======== Study material

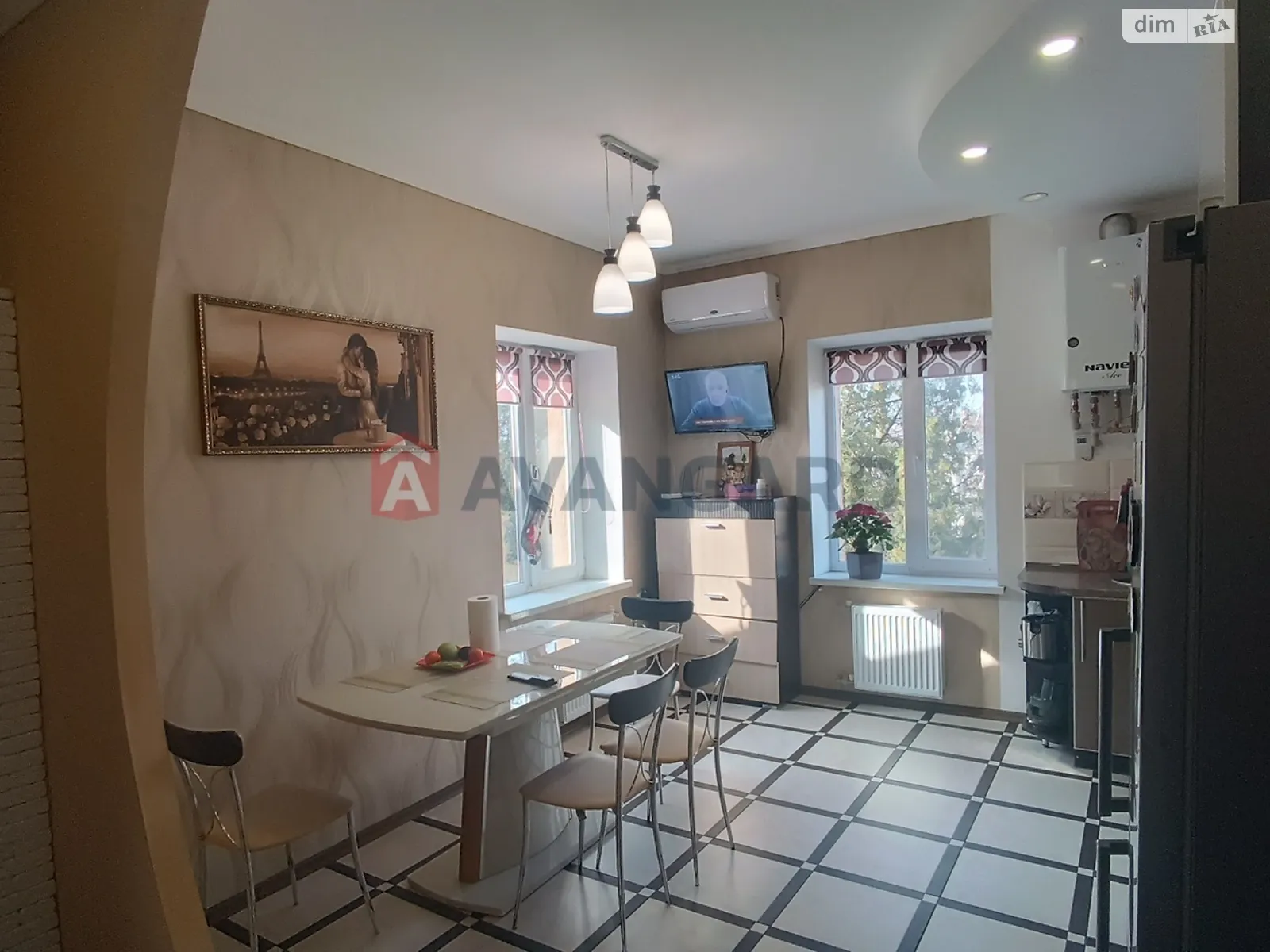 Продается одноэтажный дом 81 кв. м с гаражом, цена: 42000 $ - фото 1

================
======== Study material

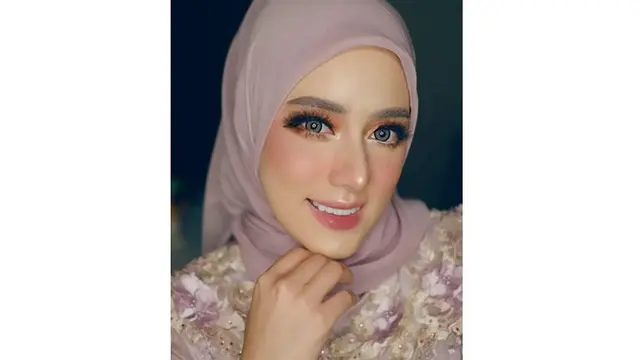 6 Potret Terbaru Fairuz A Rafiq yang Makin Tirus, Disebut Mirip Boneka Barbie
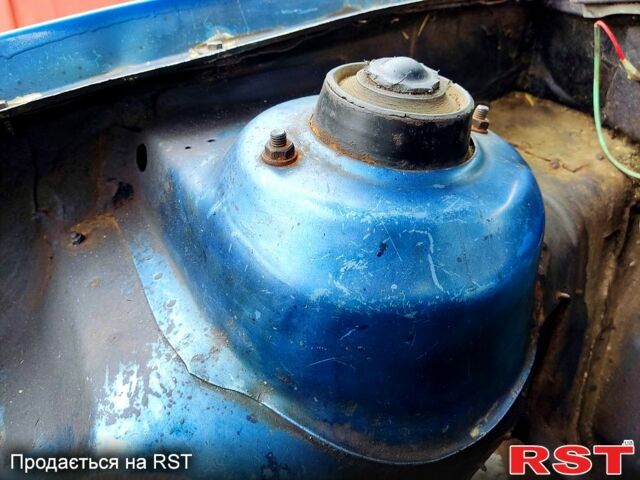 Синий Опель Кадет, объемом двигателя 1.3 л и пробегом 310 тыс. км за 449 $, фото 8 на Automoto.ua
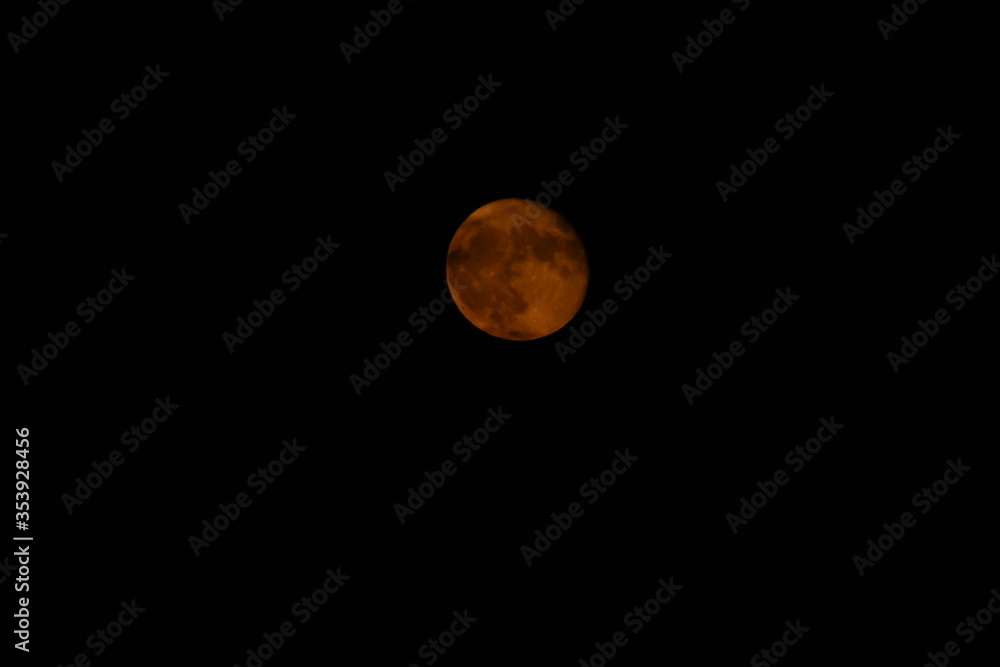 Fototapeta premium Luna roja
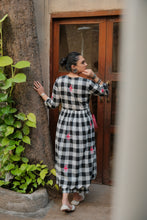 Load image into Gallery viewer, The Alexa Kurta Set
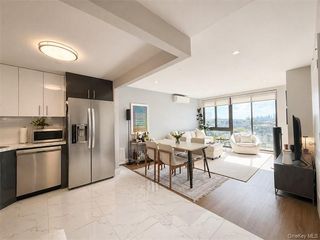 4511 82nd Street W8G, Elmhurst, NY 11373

================

- [Goal of the exercise] Set the pictures aside and retype exactly the lines above from the line with "6 Potret Terbaru" to the line with "4511 82nd Street W8G, Elmhurst, NY 11373", both included, adding no others.

- [Task solution]
 6 Potret Terbaru Fairuz A Rafiq yang Makin Tirus, Disebut Mirip Boneka Barbie
 Синий Опель Кадет, объемом двигателя 1.3 л и пробегом 310 тыс. км за 449 $, фото 8 на Automoto.ua
 Fototapeta premium Luna roja
 Load image into Gallery viewer, The Alexa Kurta Set
 4511 82nd Street W8G, Elmhurst, NY 11373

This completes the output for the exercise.